**What to do:**
Return, word for word, the lines of the listing below from the one with "MHP RIESEN Ludwigsburg" through the one with "SIEMENS 6ES7153-2AA02-0XB0 Interface", and no other lines.

**Material for this task:**
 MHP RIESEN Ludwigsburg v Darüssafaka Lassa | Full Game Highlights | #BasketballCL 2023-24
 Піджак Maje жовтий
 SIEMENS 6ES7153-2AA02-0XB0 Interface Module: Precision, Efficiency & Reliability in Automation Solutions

--

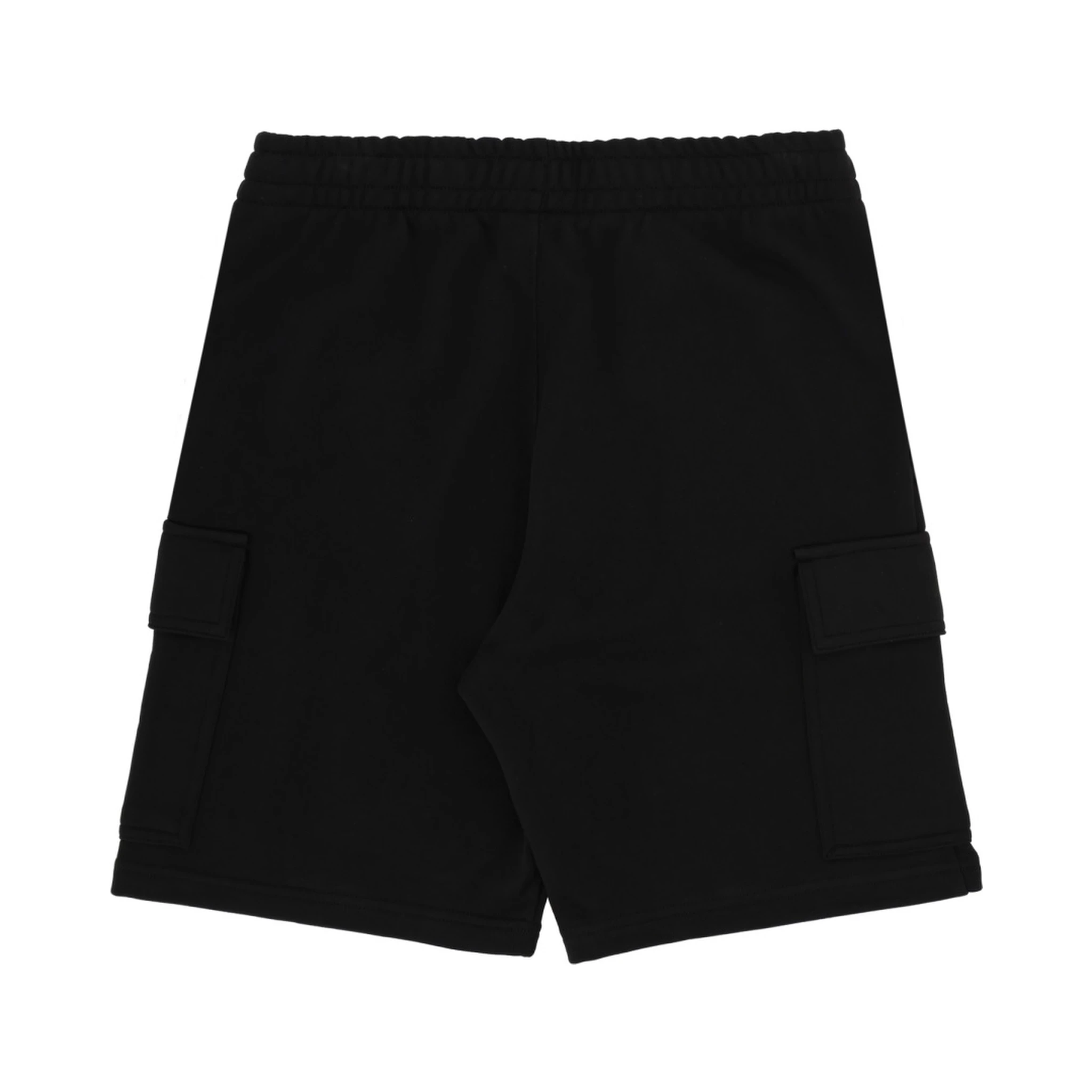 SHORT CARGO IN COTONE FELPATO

...

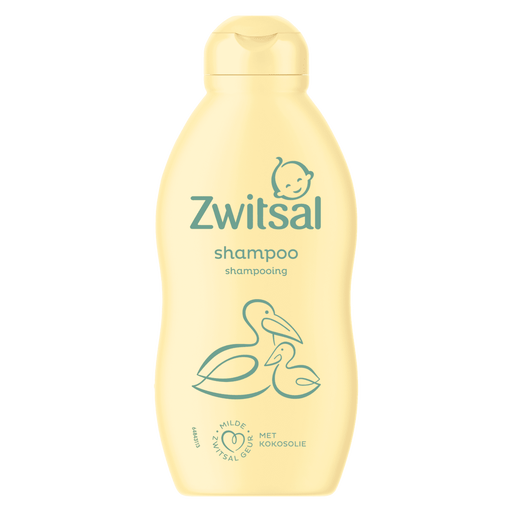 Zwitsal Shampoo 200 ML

**Written reply:**
 MHP RIESEN Ludwigsburg v Darüssafaka Lassa | Full Game Highlights | #BasketballCL 2023-24
 Піджак Maje жовтий
 SIEMENS 6ES7153-2AA02-0XB0 Interface Module: Precision, Efficiency & Reliability in Automation Solutions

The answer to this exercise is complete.